__INPUT FOR THIS TASK__:
....................
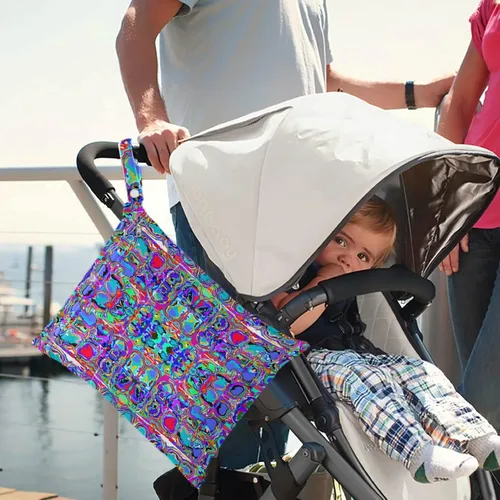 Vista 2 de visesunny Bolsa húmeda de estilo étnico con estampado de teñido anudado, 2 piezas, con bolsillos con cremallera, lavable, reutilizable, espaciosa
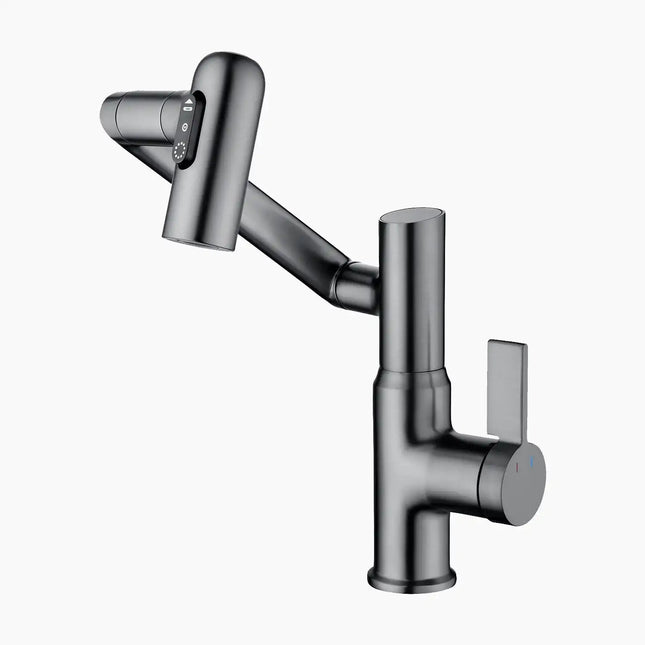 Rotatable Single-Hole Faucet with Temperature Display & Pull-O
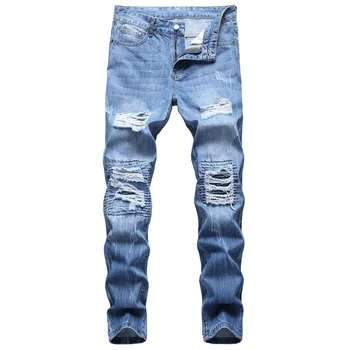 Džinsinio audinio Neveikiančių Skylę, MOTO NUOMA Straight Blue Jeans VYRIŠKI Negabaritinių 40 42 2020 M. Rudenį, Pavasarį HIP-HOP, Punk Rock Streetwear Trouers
....................
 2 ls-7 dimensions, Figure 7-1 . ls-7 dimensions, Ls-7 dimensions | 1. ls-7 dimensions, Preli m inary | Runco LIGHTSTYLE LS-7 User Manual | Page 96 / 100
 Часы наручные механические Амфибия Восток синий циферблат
....................
__WHAT THE EXERCISE ASKS__: An exact copy is needed of the stretch above that opens with the line containing "Vista 2 de visesunny" and closes with the line containing "Džinsinio audinio Neveikiančių"; the pictures are not part of it.

__EXERCISE RESPONSE__:
 Vista 2 de visesunny Bolsa húmeda de estilo étnico con estampado de teñido anudado, 2 piezas, con bolsillos con cremallera, lavable, reutilizable, espaciosa
 Rotatable Single-Hole Faucet with Temperature Display & Pull-O
 Džinsinio audinio Neveikiančių Skylę, MOTO NUOMA Straight Blue Jeans VYRIŠKI Negabaritinių 40 42 2020 M. Rudenį, Pavasarį HIP-HOP, Punk Rock Streetwear Trouers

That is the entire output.